Thursday, March 17, 2016

Was there even such thing as an “original meaning” of the constitution?

In at least two of my political science classes back at Hopkins, I heard professors assert as fact the idea that “there was no original interpretation!” of the constitution. The logic behind this viewpoint goes something like this:

“The constitution is at times ambiguous or vague, and even many of the framers disagreed about what it should mean. One famous example is Thomas Jefferson and Alexander Hamilton disagreeing about the National Bank. If even they could not agree on what they meant by it, how can we possibly figure it out today?”

First, we need to distinguish between ambiguity and vagueness. Ambiguity is when the same word can have multiple meanings that aren’t necessarily related. For example, “the right to bear arms” could technically mean either the right to carry weapons or the right to the upper appendages of animals from the Ursidae family. As that exaggerated example illustrates, intra-constitutional context can almost always determine which meaning was intended in cases of ambiguity.

Vagueness is different. Vagueness is when the general concept of something is understood, but the precise boundaries of that concept in practice remain uncertain. For example, prohibitions against “unreasonable search and seizure” carry a general connotation, but don’t specify what counts as that. In the case of vagueness, intra-constitutional context often does not suffice, so it’s okay to turn to extra-constitutional sources from the framing era or earlier to help resolve the matter.

However, this is okay only insofar as such sources are useful towards better informing our best guess as to what the meaning was at the time of ratification.

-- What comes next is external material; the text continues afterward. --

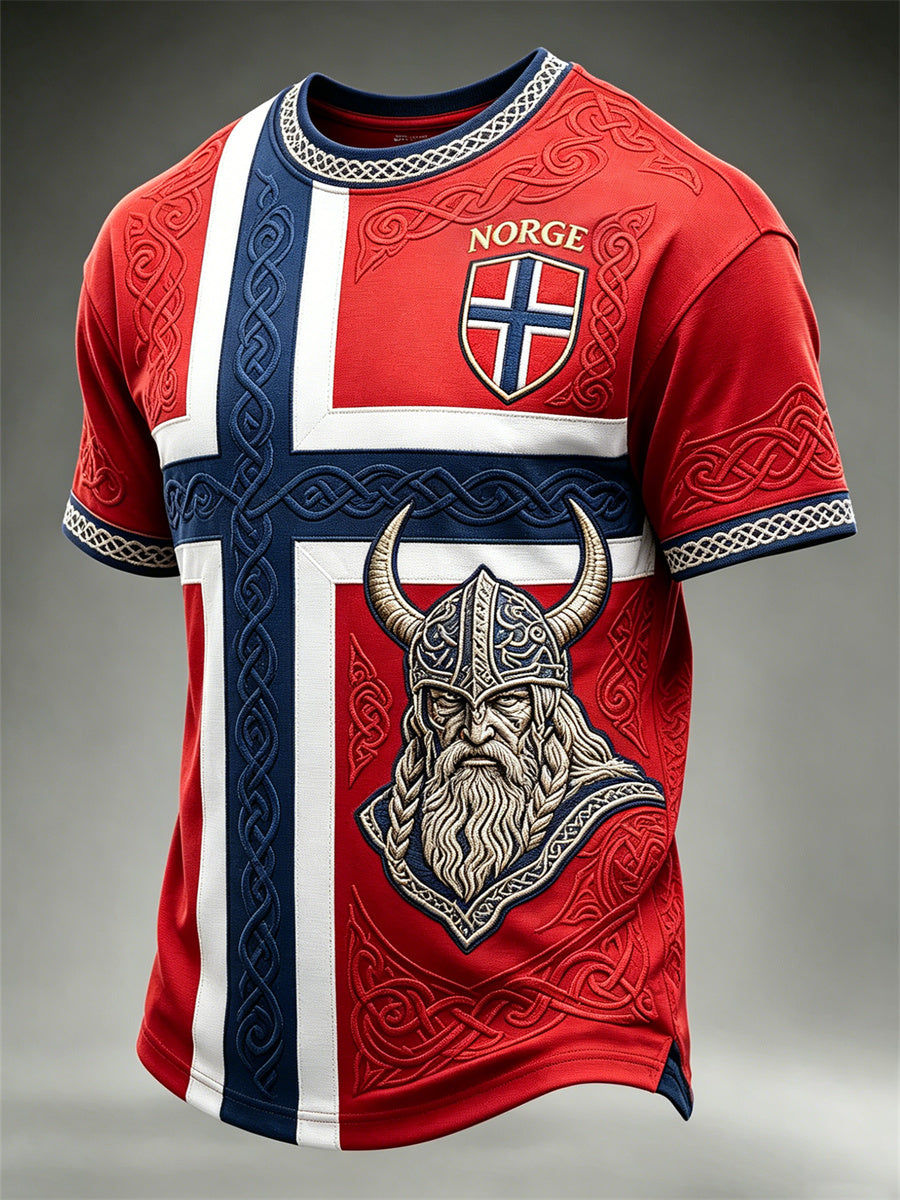 Menns fotball-T-skjorte fra Norge med trykk av vikingkriger, keltisk knute og flagg, kortermet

This is important because it’s very different from the way left-wing justices handle vagueness today: proposing entirely new interpretations that lie far beyond the range of debate the framers ever conceived.

To visualize this, suppose all federal power could be quantified on a scale from 1-10 (one being almost no power, and ten being absolute power). Further suppose that clause X of the constitution was kind of vague: some Antifederalists felt it granted as few as two units of power, and some Federalists felt it granted as much as five units of power. It would be a reasonable argument, even an originalist argument, to propose a law that exercised four units of power, and then cite quotes from the Federalist framers as evidence this law was originally comprehended (at least by some) to fall within clause X.

This is not what “living document” theorists do. Instead, they propose a law that wields eight units of power, and claim it is constitutional under an entirely new, far more expansive interpretation of the clause. The recognition that there is no singular, unanimous original interpretation to harken back to is a fair point, insofar as it relates to your advocacy for one original interpretation over another.  But it does not follow from that observation that we should scrap the entire premise of understanding the words as they were originally understood. A proposed power needn’t have been unanimously favored by every framer – but it does need to be plausibly favored by some of the framers.

Put another way, the central premise of originalism is not that nothing in the constitution is up for interpretation, or that the answers are always clear. We do not eschew, deemphasize, or deny the necessary and complex work of deciphering the constitution’s meaning. What we’re about is clarifying which meaning which we ought to attempt to decipher in the first place. Specifically, we think the meaning that matters is the one which the people most likely understood when they consented to subject themselves to a government at the ratifying conventions. Alternative meanings which might be plausibly read into the constitution’s text by today’s most creative legal minds may be an interesting academic exercise, but without evidence that anyone officially consented to such an understanding of federal power, they can carry no moral or legal authority.

With that said, most reasonable originalists concede that there are certain passages of the constitution for which no specific meaning can be deciphered with a high degree of certainty. Originalists sometimes differ on how to handle these situations. My personal opinion on the matter is derived from famed originalist Randy Barnett’s “presumption of liberty.”

In the event that no guess as to the originally understood meaning is objectively more likely than another, consent theory mandates that the court must err on the side of nonconsent: that is, the side of unconstitutionality. The entire purpose of a constitution is to legitimize a government’s actions by attaining (or at least, attempting to claim) the consent of the governed. If there remains great doubt as to what it was that the people consented to in a particular case, it cannot be clearly known that the people freely subjected themselves to the exercise of power in question.

As anyone concerned by rape or sexual assault on college campuses should be able to tell you, if consent is not clear and unambiguous, it cannot be presumed to exist. Whenever anyone questions the constitutionality of the government’s actions, the nature of the social contract demands that the burden of proof be on those who claim authority. The same is true not only for governments, but for anybody who seeks to use another’s person or property. Until the authority to do so is definitively proven, the court must presume it does not exist at all.


This “presumption of liberty” need not come into play too often, however, as the constitution is usually much clearer than living document theorists pretend. Those who wish to wield power are biased arbiters: they have a natural incentive to read clauses as broadly as possible. Feigning confusion at seemingly straightforward passages enables the judiciary to work around inconvenient limits on federal power, thereby legitimizing interpretations that a neutral outsider would never reach upon first reading. Creating “gun free school zones” as an exercise of the commerce clause is a prime example of this. Very often, the most immediately obvious and intuitive interpretation of the constitution is the correct one.